Variational Deconvolution of Conically Scanned Passive Microwave Observations With Error Quantification

• Published in: IEEE transactions on geoscience and remote sensing Vol. 57; no. 2; pp. 1001 - 1014
• Main Authors: Steward, Jeffrey, Haddad, Ziad, Hristova-Veleva, Svetla, Kacimi, Sahra, Seo, Eun-Kyoung
• Format: Journal Article
• Language: English
• Published: New York IEEE 01.02.2019; The Institute of Electrical and Electronics Engineers, Inc. (IEEE)

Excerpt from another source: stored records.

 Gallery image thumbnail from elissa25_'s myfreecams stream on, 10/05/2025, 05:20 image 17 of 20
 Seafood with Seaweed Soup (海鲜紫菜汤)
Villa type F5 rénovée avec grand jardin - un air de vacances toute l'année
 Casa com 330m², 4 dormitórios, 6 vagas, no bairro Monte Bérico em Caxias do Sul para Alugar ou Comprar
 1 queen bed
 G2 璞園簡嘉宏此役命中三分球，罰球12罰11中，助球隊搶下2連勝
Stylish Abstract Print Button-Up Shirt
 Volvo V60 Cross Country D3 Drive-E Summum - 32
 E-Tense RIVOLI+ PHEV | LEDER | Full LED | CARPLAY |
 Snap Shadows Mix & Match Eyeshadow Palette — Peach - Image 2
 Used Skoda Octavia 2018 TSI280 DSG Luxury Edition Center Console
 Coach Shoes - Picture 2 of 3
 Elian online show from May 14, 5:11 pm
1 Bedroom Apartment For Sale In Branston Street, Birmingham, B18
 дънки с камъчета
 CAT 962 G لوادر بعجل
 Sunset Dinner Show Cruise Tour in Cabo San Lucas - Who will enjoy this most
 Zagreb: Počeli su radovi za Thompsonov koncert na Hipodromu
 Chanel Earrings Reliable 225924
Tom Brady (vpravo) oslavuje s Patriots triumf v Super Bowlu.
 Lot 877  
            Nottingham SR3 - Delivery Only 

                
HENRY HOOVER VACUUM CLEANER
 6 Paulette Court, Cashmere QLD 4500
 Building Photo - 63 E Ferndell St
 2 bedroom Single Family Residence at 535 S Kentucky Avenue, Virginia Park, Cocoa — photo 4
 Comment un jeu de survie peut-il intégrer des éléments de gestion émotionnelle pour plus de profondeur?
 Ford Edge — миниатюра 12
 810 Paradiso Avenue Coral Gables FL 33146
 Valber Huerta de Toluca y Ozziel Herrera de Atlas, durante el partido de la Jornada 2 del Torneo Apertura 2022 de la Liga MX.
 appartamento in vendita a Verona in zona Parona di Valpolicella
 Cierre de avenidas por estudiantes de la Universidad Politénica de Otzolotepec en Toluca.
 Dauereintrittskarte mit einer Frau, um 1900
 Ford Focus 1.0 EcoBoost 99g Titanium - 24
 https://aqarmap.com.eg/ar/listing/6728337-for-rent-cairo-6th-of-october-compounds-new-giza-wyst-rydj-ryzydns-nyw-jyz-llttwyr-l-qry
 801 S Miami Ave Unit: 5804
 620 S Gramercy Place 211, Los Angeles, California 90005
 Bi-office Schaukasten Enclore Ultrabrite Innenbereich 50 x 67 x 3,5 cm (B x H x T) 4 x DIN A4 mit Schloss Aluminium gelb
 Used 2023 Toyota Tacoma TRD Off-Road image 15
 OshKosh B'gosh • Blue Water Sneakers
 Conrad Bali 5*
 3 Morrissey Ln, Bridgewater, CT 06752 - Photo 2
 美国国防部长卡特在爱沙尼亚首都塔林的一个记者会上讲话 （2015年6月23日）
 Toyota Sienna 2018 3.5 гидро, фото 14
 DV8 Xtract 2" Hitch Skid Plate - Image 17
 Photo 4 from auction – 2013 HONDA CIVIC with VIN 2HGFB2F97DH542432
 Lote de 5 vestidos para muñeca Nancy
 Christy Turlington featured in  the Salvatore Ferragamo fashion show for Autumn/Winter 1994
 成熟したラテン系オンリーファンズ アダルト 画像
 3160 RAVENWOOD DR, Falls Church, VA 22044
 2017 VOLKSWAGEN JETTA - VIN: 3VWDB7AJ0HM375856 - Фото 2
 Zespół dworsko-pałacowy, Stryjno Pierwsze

• Subjects: Algorithms; Antennas; antennas and propagation; Bayesian analysis; Brightness; Brightness temperature; Clouds; Convolution; Covariance; Data collection; Deconvolution; Error detection; Geophysics; Ingestion; Initial conditions; inverse problems; Mathematical analysis; Mathematical models; Meteorological satellites; Microwave antennas; Microwave imaging; Microwave theory and techniques; modeling; Precipitation rate; Probability theory; Radiative transfer; Resolution; Retrieval; satellite antennas; Spatial discrimination; Spatial resolution; Special Sensor Microwave Imager; systems engineering and theory; Uncertainty; Weather forecasting
• ISSN: 0196-2892; 1558-0644
• DOI: 10.1109/TGRS.2018.2864097

The deconvolution of potentially cloud-affected passive microwave brightness temperatures is an important step for utilization in direct data assimilation in cloud-resolving numerical weather prediction (NWP) models for the purpose of improving model initial conditions. Geophysical retrieval algorithms, such as precipitation rate retrievals, also benefit from consistent resolution across channels. In this paper, we explore how to derive the posterior error estimates that are required for ingestion into data assimilation models or end-to-end error-quantified retrieval algorithms. To this end, we present a minimum variance, best linear-unbiased estimator approach that seeks an optimal estimate of the apparent (i.e., without the effects of antenna pattern convolution) brightness temperatures by iteratively minimizing a cost function measuring the lack of fit between observations and departures from a first guess. Both the observation and first-guess departure terms are weighed by a corresponding covariance term that estimates their relative uncertainty. The first-guess uncertainty, a Bayesian prior "belief" in the spread of the first-guess error, is estimated using geophysical fields from an NWP model in a radiative transfer model plus an antenna pattern forward operator, then iteratively improved using the posterior deconvolved brightness temperatures of actual special sensor microwave imager/sounder observations. The error for the posterior distribution, subject to the initial belief, is derived. The error-quantified results are shown to increase the spatial resolution of microwave observations.